Sevdiğinizi kaç gün beklersiniz?
Varsayalım ki iletişim kanallarının olmadığı bir çağda yaşıyorsunuz. Ya da son dönemde sıkça dillendirilen komplo teorilerinden birinin gerçekleşmiş olduğunu varsayalım. Güçlü bir manyetik dalga sonrası bütün elektronik iletişim kanallarının kullanılamaz hale geldiğini kabul edelim.
Böyle bir ortamda sevdiğinizden haber alamadan, onu sabırla kaç gün beklersiniz?  
Bir veya iki gün? Elbette ki sevdiğiniz biri için bu sabretmek bile sayılmaz.
Bir ya da iki hafta? Her gün şehir meydanından saat 5’te! Bugün gelir, diyerek sabırla yola çıkmanız yine muhtemel.
Peki; bir ay, iki ay? Acaba başına bir şey gelmiş olmasın! Acaba’lar ardı ardına zihninizdeki olasılıklar denizini genişletirken sabredebilir misiniz?  
On ay, on bir ay, bir yıl. Belki de hiç gelmeyecek! Belki sizi unuttu. Doğrular, yanlışlar iç içe geçmeye anılar silinmeye başladığında nasıl bir duruş göstereceksiniz?  

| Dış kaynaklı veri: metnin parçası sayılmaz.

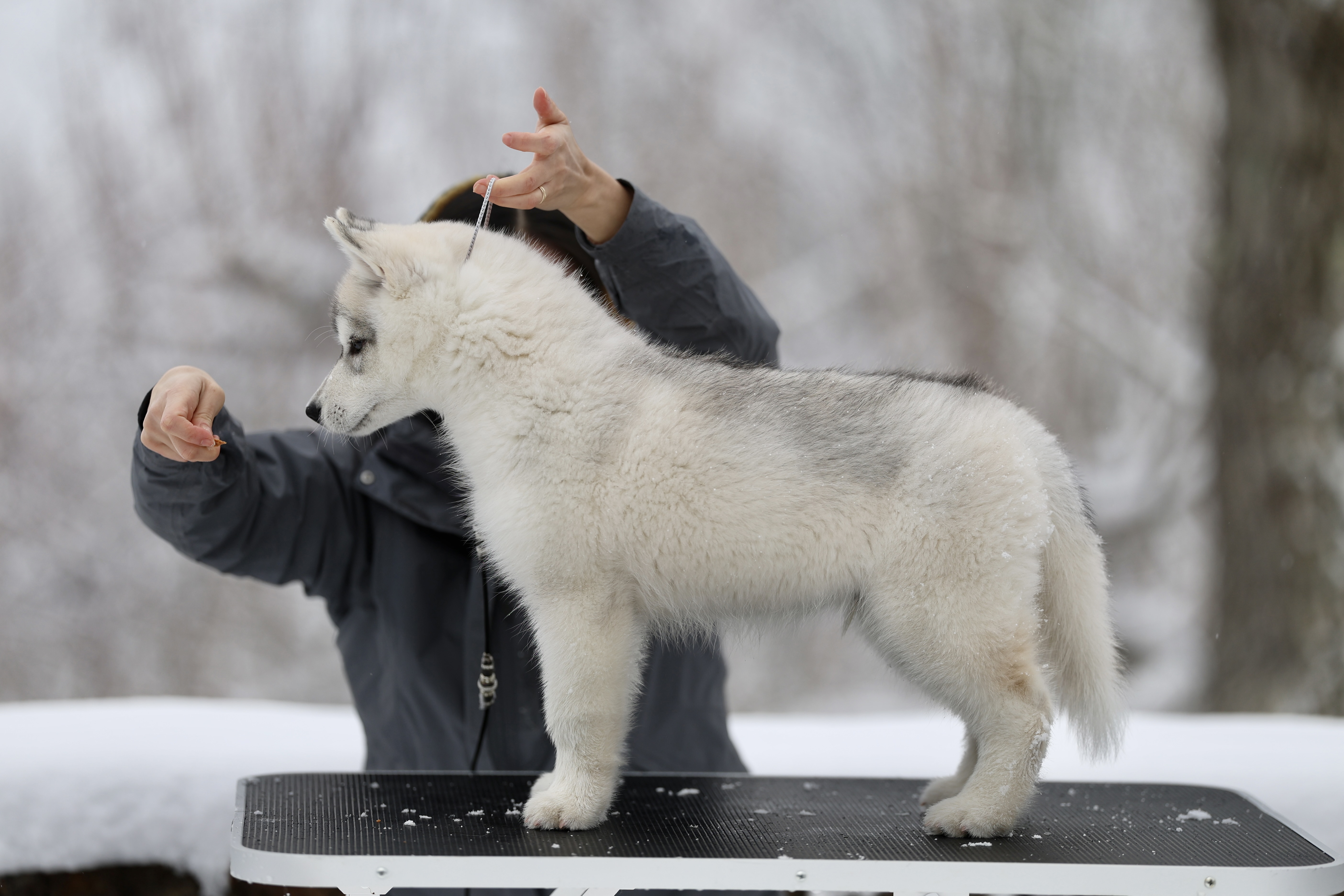 Photo of Livewire's Suit & Tie At Songbird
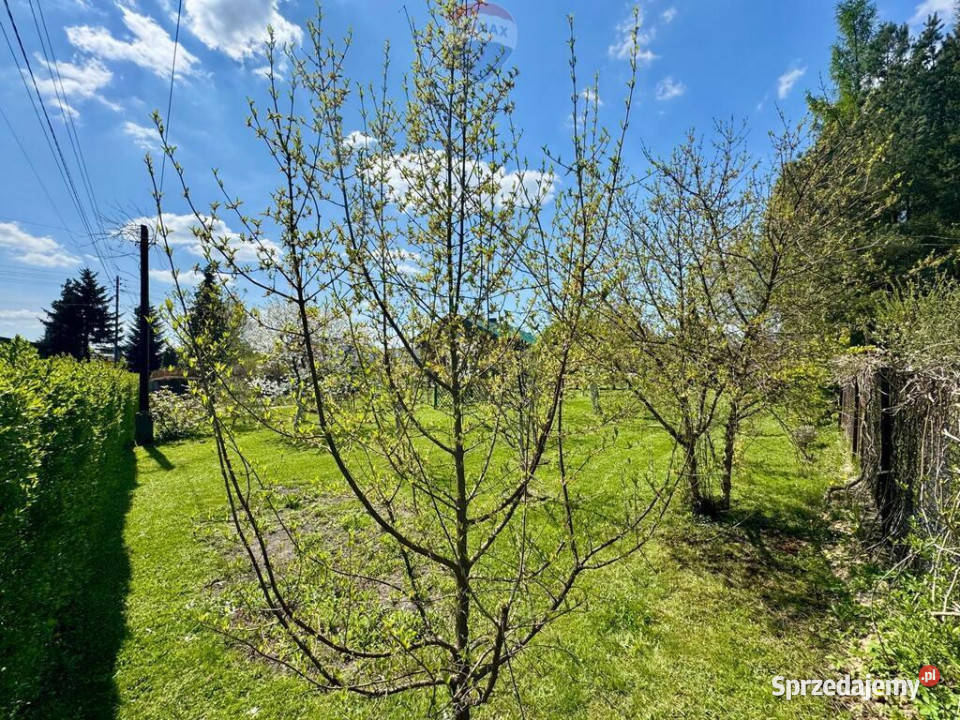 Działka budowlana z ogrodem 800 m Rybnik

“Aklını oynattı, her gün bu saatte geliyor” Bu sözlere tahammül edebilir misiniz? Ya da tahammül etmeniz doğru mu ki!
Bundan yaklaşık yüz yıl önce, 1924 yılında, Tokyo Üniversitesi Ziraat Fakültesi'nde görev yapan Hidesaburo Ueno isimli bir profesör küçük bir köpek yavrusu sahiplendi. Atika cinsi bu köpeğe Japonca’ da sekizinci anlamına gelen Hachiko ismini koydu.


Hachiko her sabah işe gitmek için metroyu kullanan profesöre eşlik ediyor ve sonra eve dönüyordu. Sevimli köpek zamanla profesörün eve dönüş saatlerini kendiliğinden öğrendi. Ve profesörün aynı yoldan geri döneceğini düşünerek onu metronun kapısında beklemeye başladı. Herkesi şaşırtan bu olay sonrasında Hachiko düzenli olarak her gün profesörü karşılamaya devam etti.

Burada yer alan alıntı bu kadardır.